NVCaffe docker memory leak when using pycaffe

We are using NVCaffe to train one of our networks because it has much better grouped convolution and depthwise/pointwise convolutions. Thanks to the Nvidia team for making this possible.

Sadly, when using pycaffe inside a container based on the latest nvcr.io/nvidia/caffe:18.04-py2 image we are experiencing a memory leak.
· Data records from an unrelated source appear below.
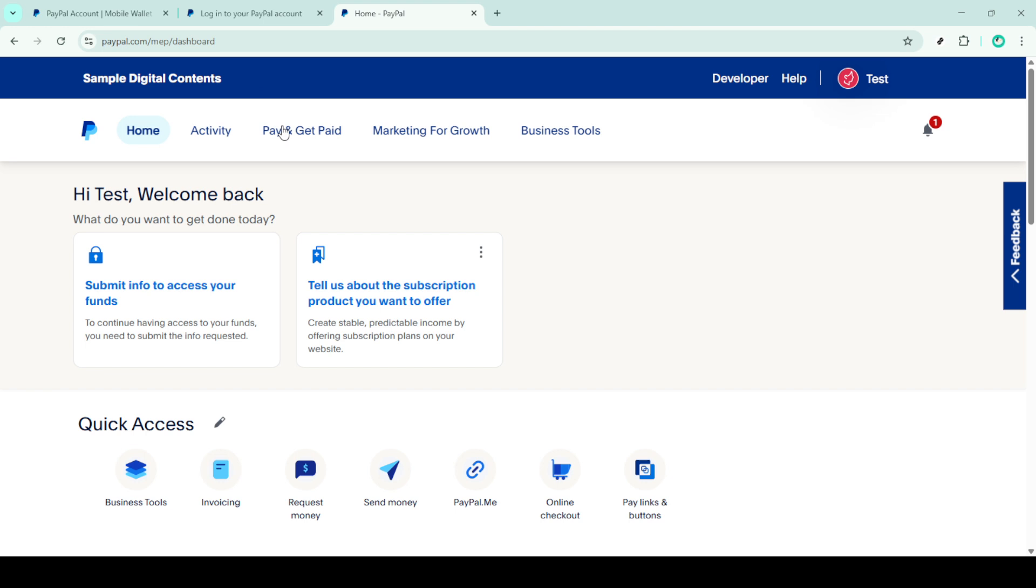Upon confirming the availability of the money in your account, you have two options. You can choose to leave the funds in your PayPal balance ready for future purchases or transactions. This is quite handy if you frequently shop online or pay for services using PayPal.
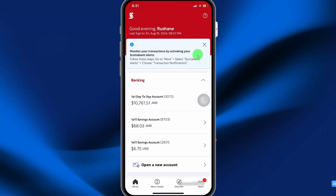In this video, I'll be sharing with you how you can delete a bill pay from the Scotia mobile app.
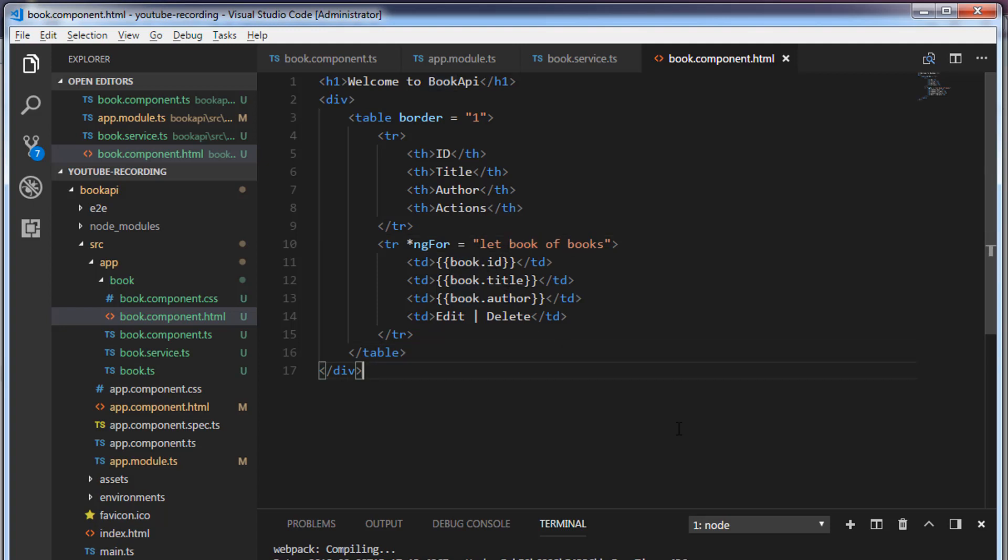In the next video we are going to make an HTTP POST request. That's it for this video. Thank you so much for watching. I will see you in the next video.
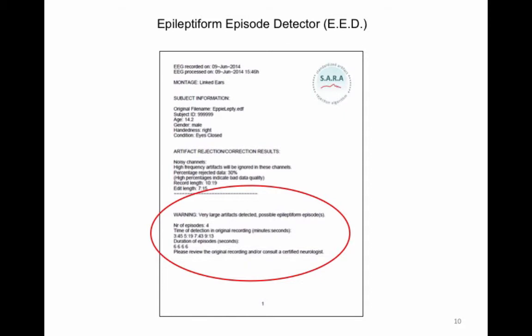The number of episodes is shown, as well as the time of detection in the original recording and the duration of these episodes. It is advised to review the original recording and/or consult a certified neurologist.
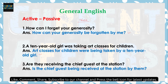'Are they receiving the chief guest at the station?' — इसका passive क्या हो जाएगा? Interrogative sentence है, verb पहले ही रहेगा। Chief guest singular है, तो is आएगा। Ing use हो रहा है तो being आएगा। Passive बनेगा: 'Is the chief guest being received at the station by them?'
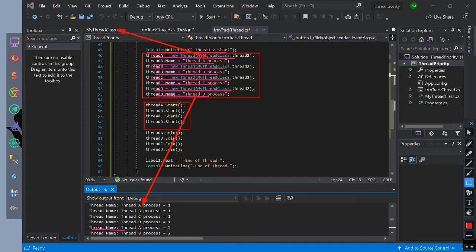Then we start all four threads and join them all to start them all at once. After the threads end, we set label 1 text to 'end of thread' and print it.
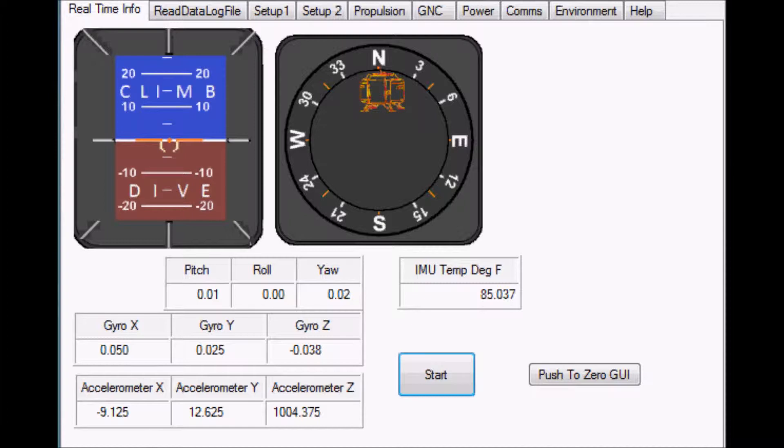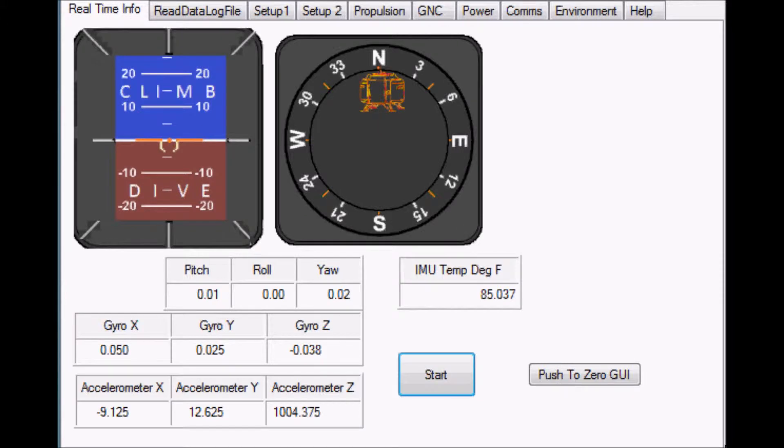This screen is one of the visuals that has inertial measurement unit data being displayed in real time. Here pitch and roll are shown as attitude and yaw is shown as the heading.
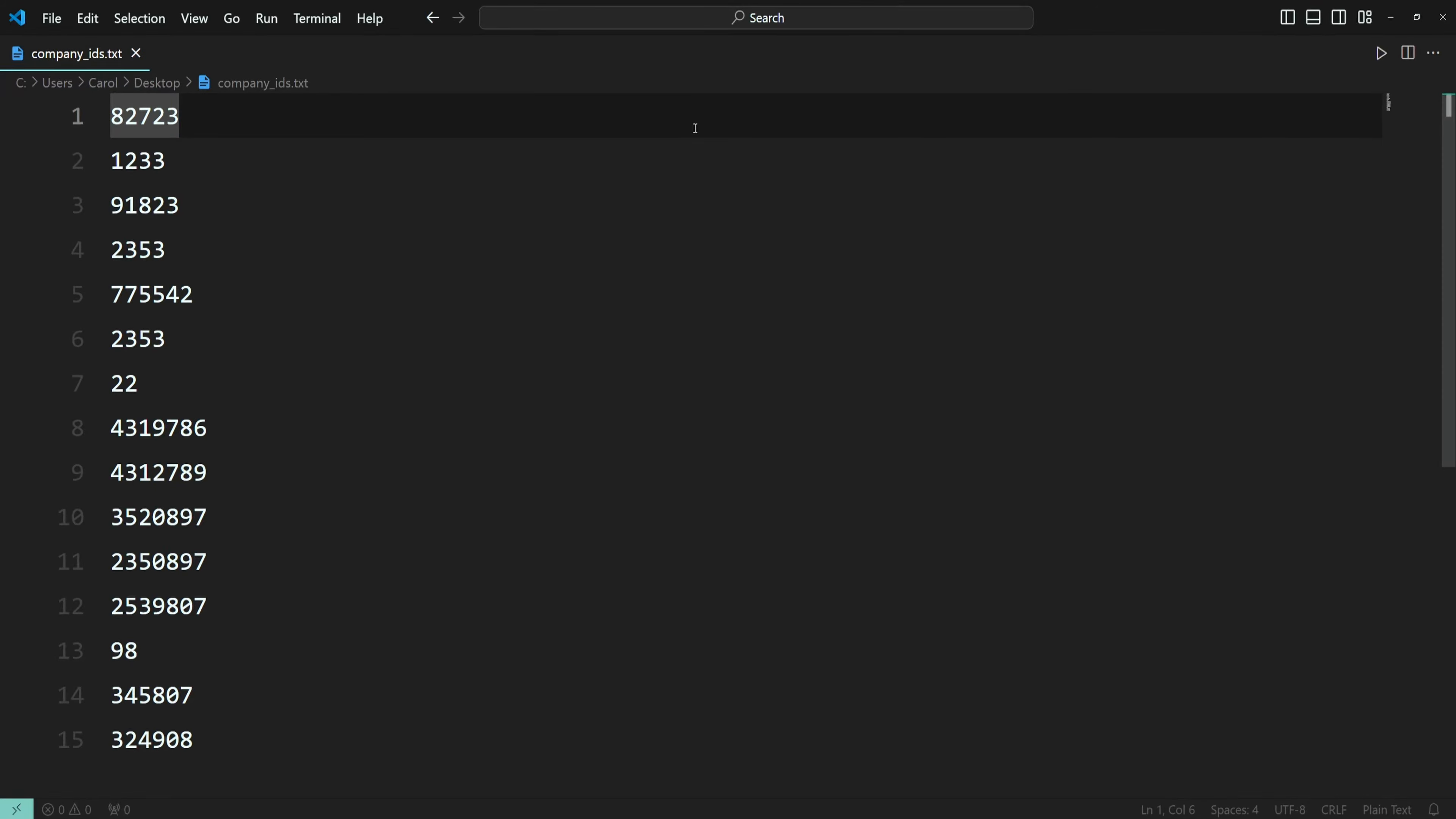Hey there, let's assume the following scenario: you've received a file with a list of company IDs and you need to upload the file either into a database or into an admin panel system. But before you upload the file, you need to ensure that all the IDs are separated by commas.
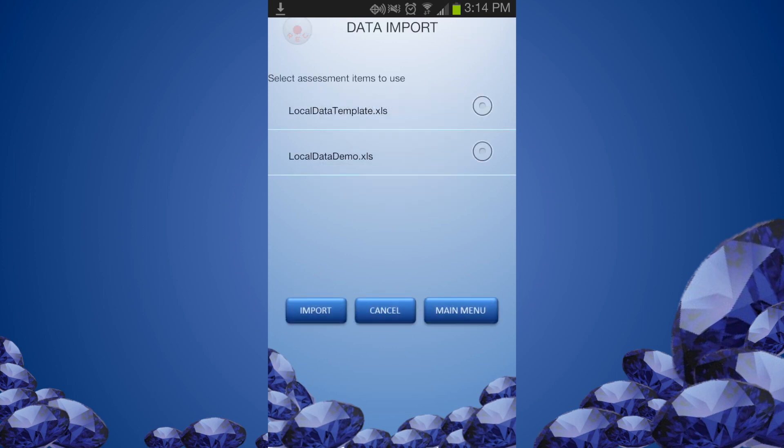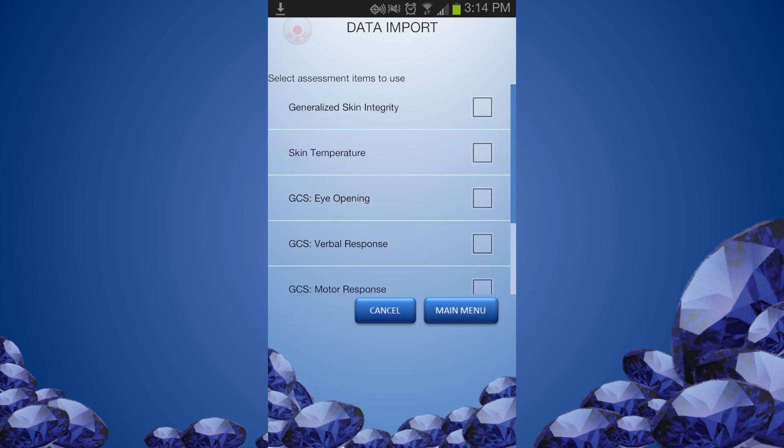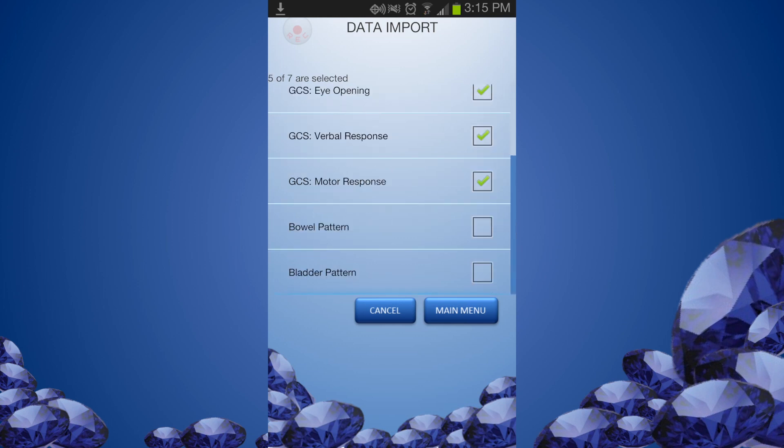Click Data Import and click Local Data. Select the data file you want to import and click Import. The imported assessment items are listed in this screen. Select the items that you want to use.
We are using a server with three GTX 1080 cards, NVIDIA-SMI displayed below:

±----------------------------------------------------------------------------+
| NVIDIA-SMI 390.30 Driver Version: 390.30 |
|-------------------------------±---------------------±---------------------+
| GPU Name Persistence-M| Bus-Id Disp.A | Volatile Uncorr. ECC |
| Fan Temp Perf Pwr:Usage/Cap| Memory-Usage | GPU-Util Compute M. |
|===============================+======================+======================|
| 0 GeForce GTX 1080 Off | 00000000:01:00.0 Off | N/A |
| 27% 28C P0 39W / 180W | 0MiB / 8119MiB | 0% Default |
±------------------------------±---------------------±---------------------+
| 1 GeForce GTX 1080 Off | 00000000:03:00.0 Off | N/A |
| 27% 30C P0 39W / 180W | 0MiB / 8119MiB | 0% Default |
±------------------------------±---------------------±---------------------+
| 2 GeForce GTX 1080 Off | 00000000:04:00.0 Off | N/A |
| 0% 33C P0 38W / 180W | 0MiB / 8119MiB | 2% Default |
±------------------------------±---------------------±---------------------+

We are running our training scripts directly inside the docker by first opening bash and then just running our training manually at the bash prompt. After every few iterations we can clearly see the memory usage increase.

We have put together a basic training example using pycaffe to replicate the memory leak.

In order to run this example using nvidia-docker you can do the following:

docker pull camerai/nvcr.io-nvidia-caffe-18.04-py2:mem_leak
nvidia-docker run -it --shm-size=1g --ulimit memlock=-1 --ulimit stack=67108864 camerai/nvcr.io-nvidia-caffe-18.04-py2:mem_leak /bin/bash
cd mem_leak_test
python job.py <gpu_num>

This initialises a very simple cnn and enters a training loop where a python data layer is called to load a single image and label every time net.forward is called.

example output:

iteration: 500
| ID | GPU | MEM |

| 0 | 33% | 7% |
| 1 | 0% | 0% |
| 2 | 0% | 0% |
iteration: 1000
| ID | GPU | MEM |

| 0 | 28% | 8% |
| 1 | 0% | 0% |
| 2 | 0% | 0% |
iteration: 1500
| ID | GPU | MEM |

| 0 | 27% | 9% |
| 1 | 0% | 0% |
| 2 | 0% | 0% |

We have tried deleting the pycaffe solver object and then reloading the network from the last snapshot (which should free the net and blob data) but unfortunately this does not free any memory and it continues to increase until finally the job crashes (Check failed: error == cudaSuccess (2 vs. 0) out of memory).

Any help and advice on how to proceed to debug or fix the situation would be really appreciated.